There was something strange going on when I measured the transformer last time, and since that I've gotten a few pointers from visitors to the blog and the CAD_CAM_EDM_DRO list.
I now did a test without the inrush current-limiter, and it does make a difference. It is rated for 8 A continuous current, but apparently it limits current much before that...
Now the 'AC load' line is measured by hooking up resistive loads to the secondary windings (no rectifier or caps), and it shows a series resistance of about 0.3 Ohms, or similar to what can be measured with a multimeter over the secondary windings. So at least the transformer seems to be working.
Then I hook up the secondary to the diode bridge and the caps and connect the same set of resistive loads as before. That's the 'DC load' measurements above. There again I see a big drop in voltage at first that then levels off somewhat. For the points above 5 A current the voltage drop is around 2 V per amp, or about a 2 Ohm effective series resistance. Also, the transformer does not emit any sound at all during the AC test, but now with the rectifier and caps when I load it up there is a slight 'humm' sound(probably 50 Hz and its harmonics).
I wonder if that 2 Ohm is typical or if there still is something strange going on? (could the rectifier bridge be too small? Anything wrong with my 4x 10 000 uF 100 V electrolytic caps?)
I tested this with one bridge rectifier GBPC5004 rated at 400V/50A and another one, a GBPC5010 rated 1000V/50A, but the results are the same. Looking with an oscilloscope at 6 A load at the DC voltage there is about 1.4 V of ripple.

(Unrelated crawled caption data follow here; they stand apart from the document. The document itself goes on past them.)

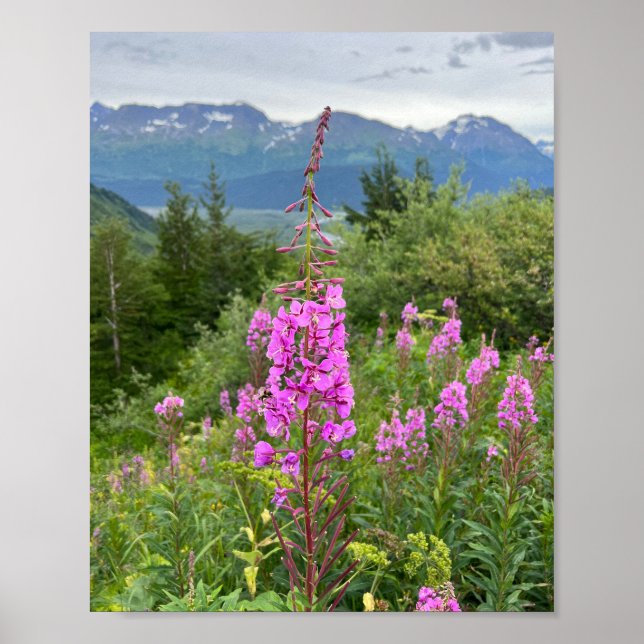 Poster de Alaskan Fireweed (Frente)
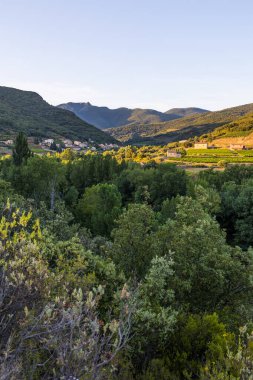 Gün batımında Ceps köyünü, ormanını, üzüm bağlarını ve Haut-Languedoc Bölgesel Doğa Parkının dağlarını izleyin.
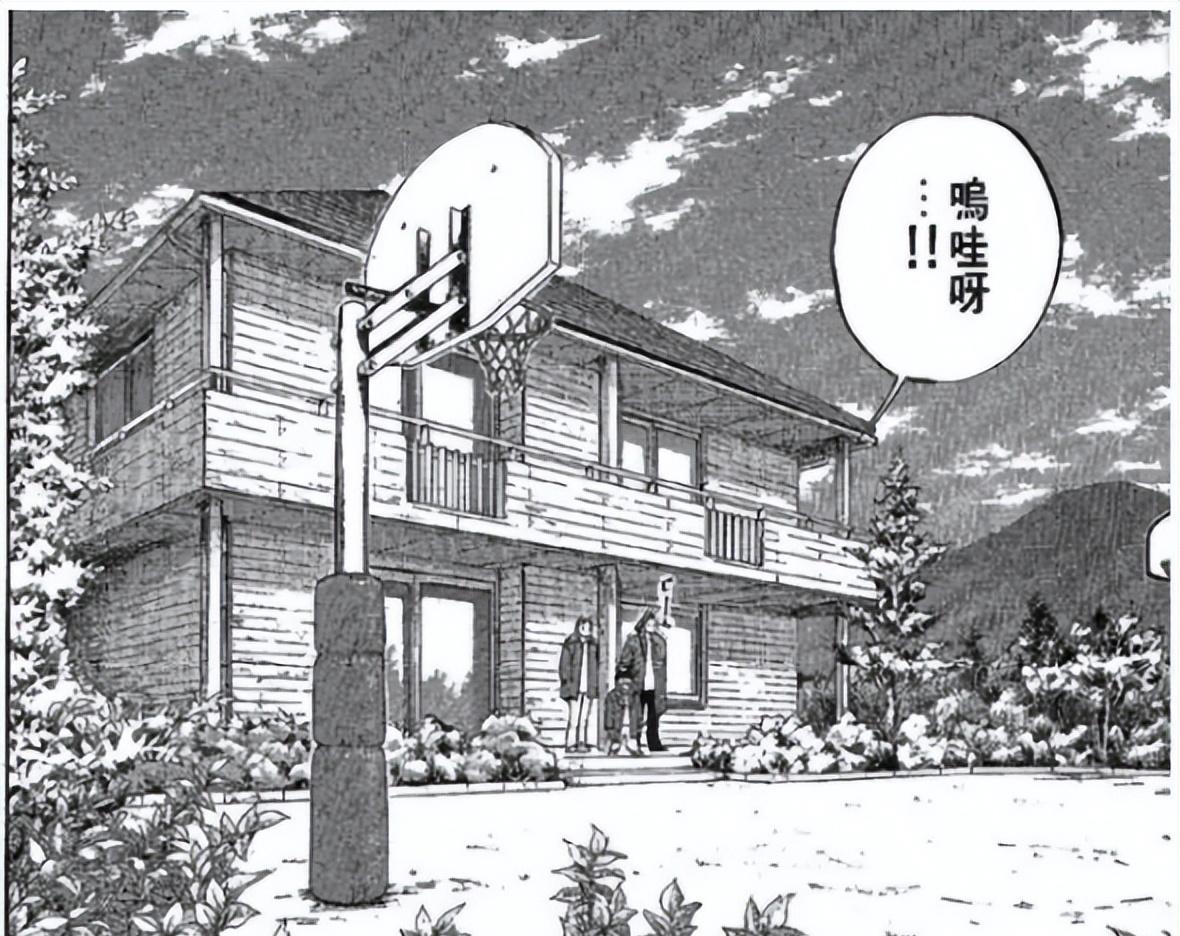 灌篮高手|《灌篮高手》角色家境大排行,樱木不穷,流川不富,安西真土豪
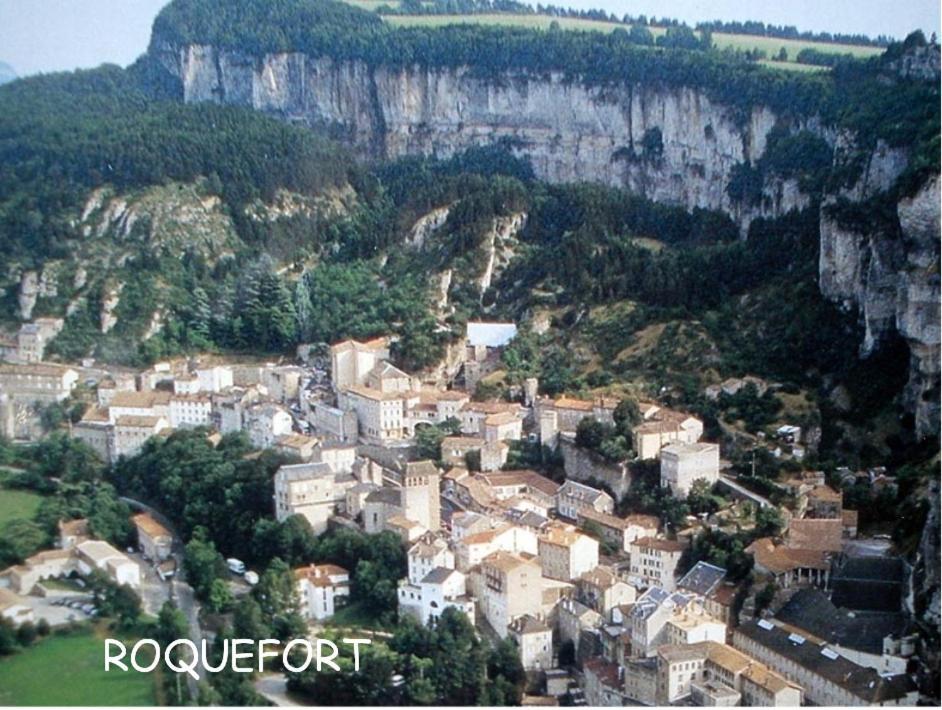 Chambre Au Calme Avec Spa Privatif Gratuit Sud Aveyron Les Palmiers Des Causses Saint-Rome-de-Tarn Zewnętrze zdjęcie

David LeVine had a good point in the previous post which might just explain this. At relatively low load, "duty cycle" of transformer may be for example 10%. So if you draw 1Amp, transformer sees 10A load at 10% duty cycle. That would equal 10x larger voltage drop compared to pure sinusoidal load which appears always as 100% duty cycle load.
PFC circuit can be used to rectify AC more efficiently.